On Sunday after just returning from being out of town I asked Brice if he wanted to go to church with me.  I missed the morning service and I needed a ride to the afternoon service, which inconveniently isn’t two doors down from my apartment.  He said yes and we went to church together.  Surprisingly, I’ve loosened up a lot when it comes to church.  I can actually go to church with another human being and not feel like I am going to pass out from the awkwardness.  And, I sing during the service too. 

Afterwards, we got in the car to go home and he made the mistake of asking me what I wanted to do next.   Uh, what do I want to do now?  I want to go home.   I want to go back to my studio apartment, sit on my twin sized bed, eat refried beans from a can and watch Teen Mom on TV until 9 p.m., when Khloe and Lamar is on.  Don’t you know me at all by now? 

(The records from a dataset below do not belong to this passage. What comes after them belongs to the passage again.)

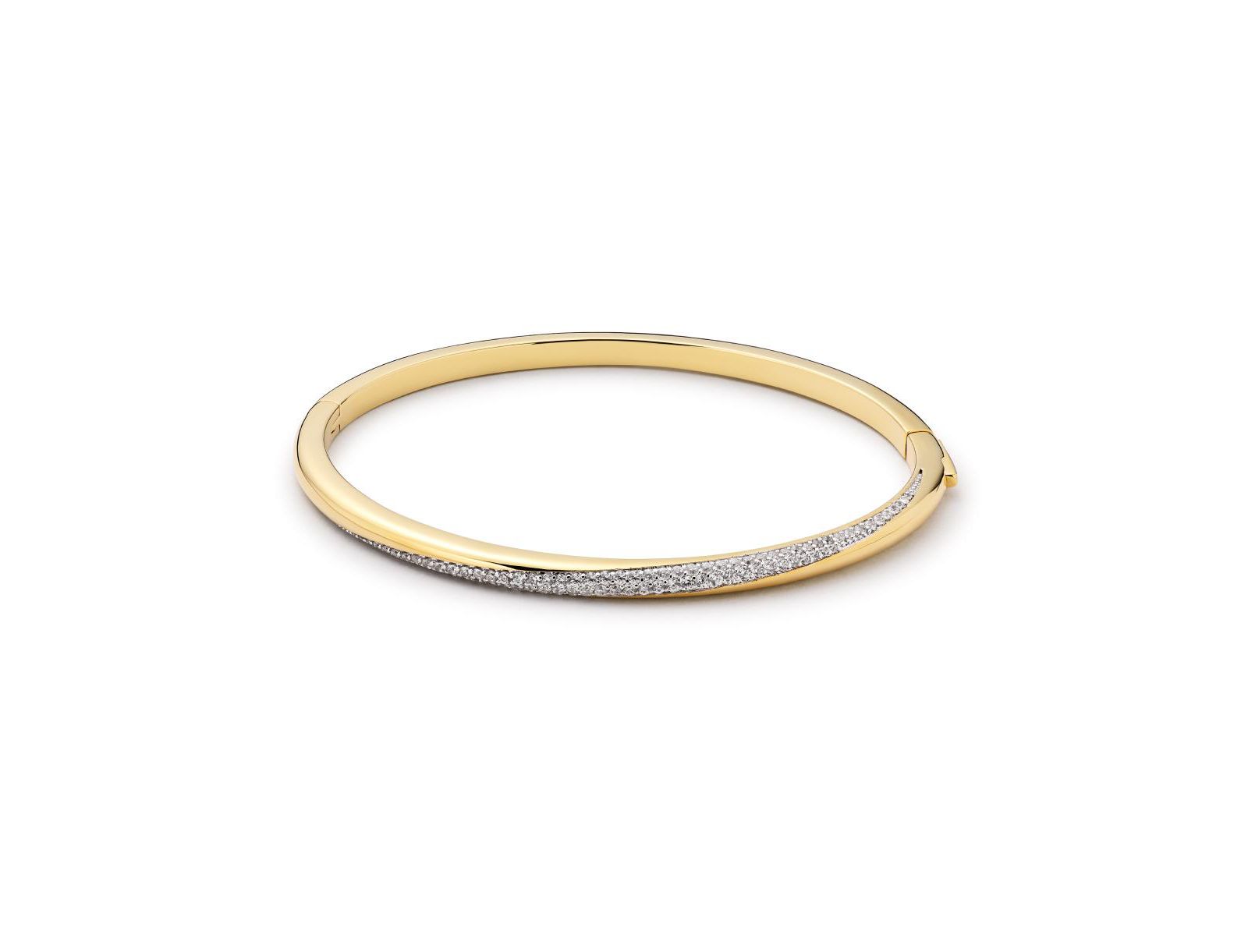 Ana Luisa Kira браслет-бэнгл с кубическим цирконием, покрытие 14K Gold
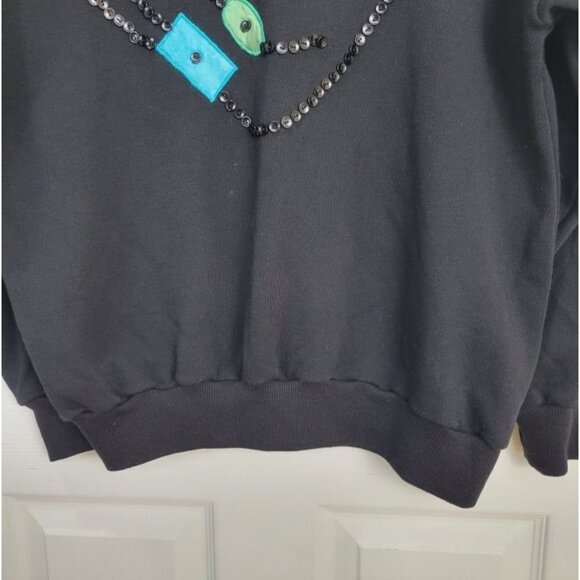 Vintage DEBRA MARTIN Black Embroidered Button Beading Pullover Sweater L - Picture 6 of 10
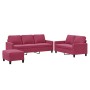 Dreiteilige Sofagarnitur aus rotem Samt mit Kissen von , Sofas - Ref: Foro24-3201530, Preis: 479,98 €, Rabatt: %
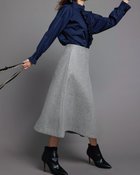 【ドゥクラッセ/DoCLASSE】のニードルメルトン・ラップ風スカート グレー|ID: prp329100004934901 ipo3291000000037103358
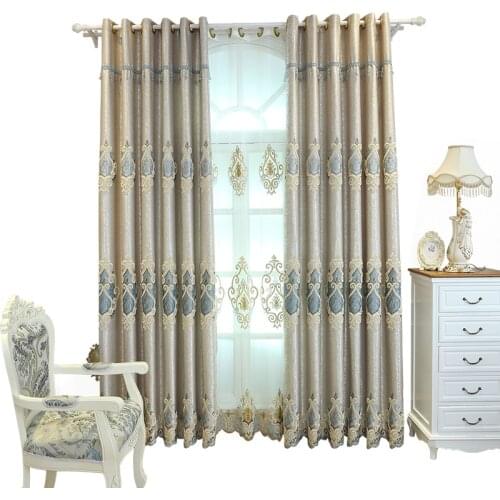 High grade European style luxury curtain cloth shading finished landing curtain Curtains for Living Dining Room Bedroom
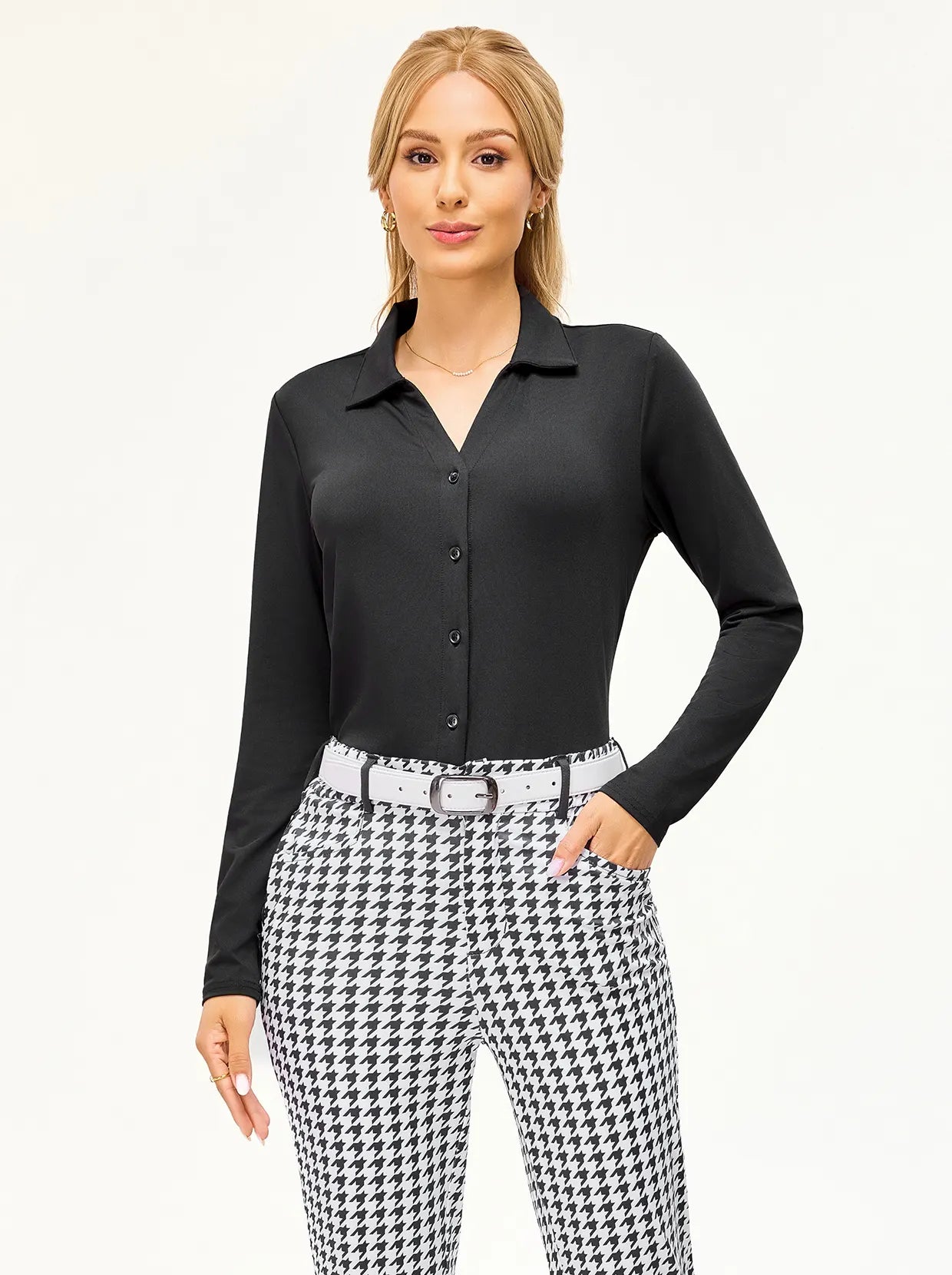 Black V-Neck Long-sleeve Golf Shirt for Women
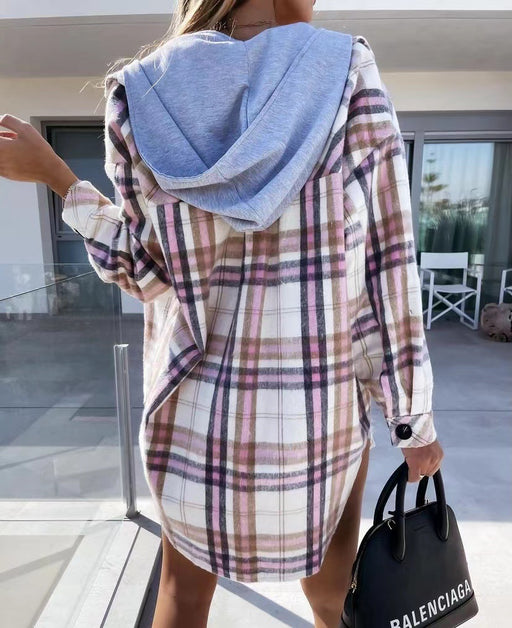 Color-Women Clothing Winter Hooded Detachable Woolen Plaid Coat-Fancey Boutique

I geeked it really hard though, because I was so thrown off by his statement that I couldn’t even come up with a good excuse.  And boy did he know it. 

You don’t even want to go to dinner?

I just bought groceries.

Lie.  The only things I cook in my apartment are bean burritos and, on a big day, tacos.  The only difference being that sometimes I spring for ground beef to make taco meat.  Anyone knows that.  I just didn’t want to hang out. 

Cue Brice absolutely freaking out that I didn’t want to spend the remainder of the evening with him.  You give them an inch and they take a mile.

I don’t want to ever see you again.


Seriously, I don’t get you.


You’re the most confusing person on the entire planet; I’m done hanging out with you.

Uh… could this car move any slower?  You think he would pick up the pace since he seemed to be so adamantly against me.  Same old five miles an hour down Fullerton though.  When we arrived at my apartment, I pretended like I just woke up from a 20 minute blackout that was the car ride, thanked him for taking me to church, smiled and told him I hoped to see him soon.  I mean, we were on our way back from church.  If I’m not going to act like a Christian five minutes after service, when am I?

A few seconds after I got home, I received this from good old Brice:


He really knows the way to this girl’s heart.  I didn’t respond and then I received this:

Call me, I need to tell you something. 

Yeah right, Brice.   Like I am going to fall for that trick.  Oh maybe he just needs a cup of sugar or help figuring out what 4 x 5 is.  Yeah. Right.  After not responding, I received this an hour later:

Ha you’ll never call back, text it is.  Am I in the friend zone (have I always been)?   Sometimes it seems like I’m not, then it does again.  I thought I was getting invited to your thing, then I didn’t.  If I am, that’s cool.   I think you’re pretty darned cool and I didn’t want to make you (or me) feel awkward by always asking you out if I’m in the f zone.

Dear Brice, you basically just attacked me in a moving car, telling me that you never wanted to see me again.  Yes, if you haven’t been already, you’ve been demoted to the friend zone.  Actually, friend zone is two levels higher then where I would place you right now, so kudos to you for being an overachiever. 

Another hour later:

Will you forgive me if I buy you a hot dog?

Good, but not good enough.  I didn’t respond, because by that point in the evening I had the innards of a Cadbury Creme Egg stuck to my two pointer fingers (from scooping out the good stuff from the chocolate shell and then repeatedly licking them) and I was too busy thinking of pranks to pull on Marlie.

I should probably be happy that any guy wants to date me.